Thomas Giles, assistant director for the Immigration and Customs Enforcement’s (ICE) Enforcement and Removal Operations, told the court Thursday that the process has not begun to determine whether Abrego Garcia will be sent to a third country and, if so, which country that will be.

“We don’t work these cases until they’re in ICE custody,” said Giles, who sat in the witness box and answered questions from attorneys in the case.

In the meantime, Xinis said she was considering an order that says the government must not remove Garcia “beyond the local confines of Tennessee and will not remove him from the United States” for 48 hours.

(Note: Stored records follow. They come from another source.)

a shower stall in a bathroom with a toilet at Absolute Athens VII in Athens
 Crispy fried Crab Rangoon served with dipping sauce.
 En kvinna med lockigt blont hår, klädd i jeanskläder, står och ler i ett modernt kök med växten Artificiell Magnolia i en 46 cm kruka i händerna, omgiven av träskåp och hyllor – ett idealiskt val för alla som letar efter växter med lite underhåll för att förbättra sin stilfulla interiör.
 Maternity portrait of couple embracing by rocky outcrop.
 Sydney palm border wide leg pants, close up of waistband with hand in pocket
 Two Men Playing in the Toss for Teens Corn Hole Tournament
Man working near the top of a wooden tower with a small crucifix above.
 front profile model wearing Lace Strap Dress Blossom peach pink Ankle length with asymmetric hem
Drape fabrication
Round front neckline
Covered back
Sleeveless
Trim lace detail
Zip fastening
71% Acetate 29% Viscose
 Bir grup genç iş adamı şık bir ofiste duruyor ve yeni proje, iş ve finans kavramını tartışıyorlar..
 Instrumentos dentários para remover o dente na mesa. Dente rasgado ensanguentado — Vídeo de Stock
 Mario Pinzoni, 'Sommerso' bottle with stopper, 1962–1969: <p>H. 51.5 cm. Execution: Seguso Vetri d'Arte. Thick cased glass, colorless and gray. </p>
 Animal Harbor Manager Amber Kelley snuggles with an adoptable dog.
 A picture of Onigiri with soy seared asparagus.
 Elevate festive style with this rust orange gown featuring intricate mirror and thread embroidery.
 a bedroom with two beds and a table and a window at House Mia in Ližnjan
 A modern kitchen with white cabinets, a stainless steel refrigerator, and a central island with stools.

In his responses, Giles did not appear to meet Xinis’ demands on Monday for more specific plans from the government about Abrego Garcia. Sascha Rand, an attorney for Abrego Garcia, expressed skepticism that the government has no specific plans, given that Abrego Garcia’s case is so “high profile.”

His family wants him returned to Prince George’s County, where he lived until being apprehended in March. The administration has acknowledged that his subsequent deportation to El Salvador and imprisonment there was an administrative error.

Abrego Garcia’s attorneys fear that he could be deported to one country and then sent back to El Salvador, where he fears persecution. Giles said he couldn’t guarantee that it wouldn’t happen. “I don’t know what assurances we have. We just deport to ‘Country X,’ ” he said.

Xinis ordered the administration this week to “designate one or more individuals” to testify “regarding the legal bases for their intended detention of Kilmar Abrego Garcia and anticipated efforts to remove him to a third country.” The administration selected Giles.

 

Giles testified that Abrego Garcia would have the right to challenge a decision that sent him to a country he considered unsafe, which would then send the case to the U.S. Citizenship and Immigration Services and, perhaps, to an immigration judge for a final decision.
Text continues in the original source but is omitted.